Clowns to the left of me, jokers to the right. And here I am.
This week has been horrible. Lots of emotions, thoughts, insights, and soul searching.
I'm struggling to understand how or why bad things happen to the most amazing, kind, caring people on the planet. Three of my friends have miscarried over the past month and I have no idea why. I was absolutely heartbroken when I found out about each of them (2 occurred this week), and collapsed in grief on Thursday as a result. Is it selfish to be so sad for them? Maybe, but I would actually cut off my right arm for any of them to take away the pain - physical and emotional - that these women are feeling.
I just don't get it. It's not fair.
So, here I sit, at Logan airport. Watching all these people coming and going to their destinations and I wonder if they have ever felt guilty about going away on vacation when people they love are hurting? I feel like a horrible person leaving to have fun, but I know that there is nothing I can say or undo what has happened. Yet I feel guilty. Several of the friends I am going to see are friends with one of the women who lost her baby this week. I'm sure we will all be happy to see each other, but she will be weighing heavily in our hearts all the same.

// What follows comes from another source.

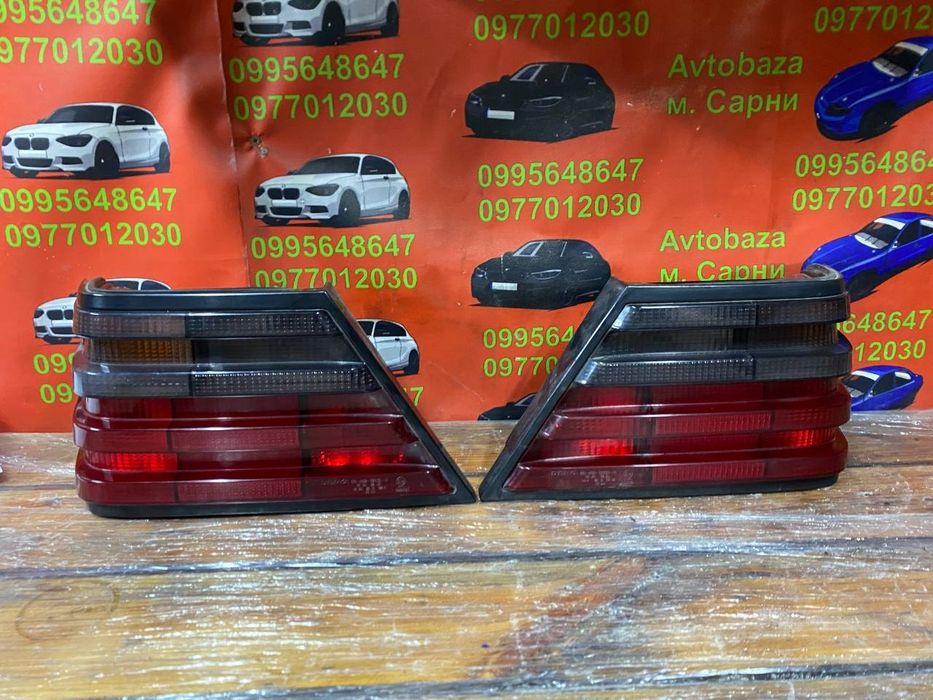 Фанарь стоп Стопи Мерседес w124 седан Тюнинг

Sorry to be so deep and introspective. Now I will get to the funny shit.
There are several people coming on this trip that make me wonder if they have ever been on a fucking vacation before. Questions of what to buy, where to buy it, what to wear, what to pack, how much money to bring, will they provide towels, where the electrical outlets will be in the room, will it be hot in florida...the list keeps building. I cannot make is shit up. I am pretty sure someone will be thrown overboard by this trips end. It may be me for being bitchy and intolerant. So be it. I am prepared for it, if it will spare me from the mind numbing idiocy.
These are friggin grown ass women! I am absolutely stunned that they are that unsavvy that they cannot do some googling themselves to answer the most banal questions. Cmon people. Use the gray matter in your cranium.
It's going to be interesting. That's for damn sure. I will keep you all posted!